It's easy to pull for Chris Caffery. The diminutive blond-maned guitarist became a metal household name in the late 80s and early 90s as the "other" guitar player in Savatage. In more recent years, Caffery gained much wider acclaim as the emcee/guitarist/life of the party for the eastern troupe of Paul O'Neill's wildly successful Trans-Siberian Orchestra project. No doubt Caffery earns enough scratch from his TSO (holi)day job to cover his expenses of living in the woods of upstate New York, but that hasn't stopped him from doggedly pursuing a solo career. 'House of insanity' marks his 4th solo cd in the last 5 years. Along the way, Caffery has encountered adversity and hardship. The record label to which he was signed went belly up. The band's line-up was unstable. Critics unfairly panned his vocals, and fans expressed profound dissatisfaction with his experimental 2007 release, 'Pins and needles'. Yet through it all, Caffery has kept his cool and maintained his sense of humor. He has also embraced a fan-friendly DIY ethic, selling his CDs through his website for a fair price and personalizing autographs on the shipments free of charge. As they say out west, Chris Caffery's a good egg.

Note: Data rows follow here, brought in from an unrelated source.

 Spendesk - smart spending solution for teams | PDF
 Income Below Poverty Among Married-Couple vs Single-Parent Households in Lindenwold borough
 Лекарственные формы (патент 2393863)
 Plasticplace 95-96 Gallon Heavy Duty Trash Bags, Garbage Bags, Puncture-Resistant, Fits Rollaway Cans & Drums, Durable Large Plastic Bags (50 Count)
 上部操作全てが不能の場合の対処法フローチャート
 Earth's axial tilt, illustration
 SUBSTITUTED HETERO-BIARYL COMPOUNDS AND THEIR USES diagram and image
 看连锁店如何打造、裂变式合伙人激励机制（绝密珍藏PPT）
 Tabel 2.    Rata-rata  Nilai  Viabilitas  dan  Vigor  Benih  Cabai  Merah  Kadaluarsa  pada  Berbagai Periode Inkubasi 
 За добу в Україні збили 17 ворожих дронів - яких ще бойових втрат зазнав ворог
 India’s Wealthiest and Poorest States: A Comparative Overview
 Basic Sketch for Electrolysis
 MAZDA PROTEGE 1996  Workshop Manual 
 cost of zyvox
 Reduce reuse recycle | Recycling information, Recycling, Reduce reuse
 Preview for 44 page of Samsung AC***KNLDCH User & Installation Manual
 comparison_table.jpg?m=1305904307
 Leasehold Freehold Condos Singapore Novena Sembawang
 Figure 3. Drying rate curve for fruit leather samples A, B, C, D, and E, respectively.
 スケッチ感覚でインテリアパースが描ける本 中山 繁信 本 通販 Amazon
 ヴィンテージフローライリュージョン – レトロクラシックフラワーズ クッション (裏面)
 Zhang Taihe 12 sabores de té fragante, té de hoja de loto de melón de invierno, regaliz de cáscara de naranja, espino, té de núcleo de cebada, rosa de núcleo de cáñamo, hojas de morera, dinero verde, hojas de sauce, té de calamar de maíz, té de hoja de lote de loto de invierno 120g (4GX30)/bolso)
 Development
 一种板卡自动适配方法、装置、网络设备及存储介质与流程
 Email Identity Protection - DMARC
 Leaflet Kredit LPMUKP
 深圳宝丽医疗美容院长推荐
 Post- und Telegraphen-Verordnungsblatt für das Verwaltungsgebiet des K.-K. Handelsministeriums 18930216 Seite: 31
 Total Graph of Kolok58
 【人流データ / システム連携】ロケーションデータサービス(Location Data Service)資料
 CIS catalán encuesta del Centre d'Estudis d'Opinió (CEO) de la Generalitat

All of that said, I was among those who were disappointed by 'Pins and needles'. Although there were some strong musical ideas, the production and arrangements on that CD were too modern, too wacky, too weird, and too far removed from bread'n'butter old-school traditional metal to appeal to crusty old 'bangers like me. Fortunately, I am pleased to report that Caffery took these criticisms to heart on 'House of insanity', amping up the 'Tageisms and putting the kibosh on the saxophones, spacey synthesizers, nu-metallish rhythm section, and chaotic vocal tangents of its predecessor, and all the while retaining his own personal stamp and sound. What we're left with is 68 minutes of well-constructed, catchy melodic heavy metal driven by Caffery's fiery guitar work and emotional vocals. On the subject of vocals, Caffery will always have detractors because of his admittedly limited range; however, he sings with power, confidence and conviction, and often delivers an effective Oliva-esque snarl that suits the music well. Most importantly, he is obviously singing from the heart and giving his all, so I'm happy to give him the benefit of the doubt in this department, especially where he's respecting his own limitations in a way that he did not on the 'Pins and needles' CD. Also, kudos to Jon Oliva's Pain drummer Chris Kinder, who mastered the CD in a manner that fights the loudness wars by resisting the temptation to master too hot or too loud. The result is that you may have to click up the volume a notch or 2 to get the level right, but (unlike many CDs released these days) the full dynamic range of the music shines through clearly. Nice job.

The songwriting on 'House of insanity' is of a consistently high quality, from heavy stompers like the title track and "Big brother" to straightforward rockers like "Seasons change" to multifaceted later-era Savatage style tracks like "Backs to the wall" and "Winter in Hamburg". To my ears, though, the crown jewel of the CD is "Solitaire", a breathtaking duet between Caffery and Zak Stevens (Savatage/Circle II Circle) that is reminiscent of "Gutter ballet" in the verses before giving way to a simply amazing chorus with the punchline: "Good luck with your millions / I'll play solitaire." I can't imagine any Savatage fan not being enraptured by this song. Sheer genius. And "No matter what" is a grim, sobering finale to the CD proper ("When time is up / You can't pretend / No matter what / Your life will end"), conveying a compelling message, before giving way to a dodgy metalized Bob Marley cover that should have been a b-side.

Given the strength of the material on 'House of insanity,' it is quite surprising that the reviews for it have been so mixed. I'm confident that the best songs Chris Caffery has ever written can be found here. It's got the heart of Savatage, and the soul of an underdog who keeps fighting the good fight, undeterred and unbowed by the potholes, detours and speedbumps along the way. It's better than the recent output of other distinguished Savatage alums, Jon Oliva and Zak Stevens. So let the naysayers say what they will. Me, I'll just keep playing "Solitaire".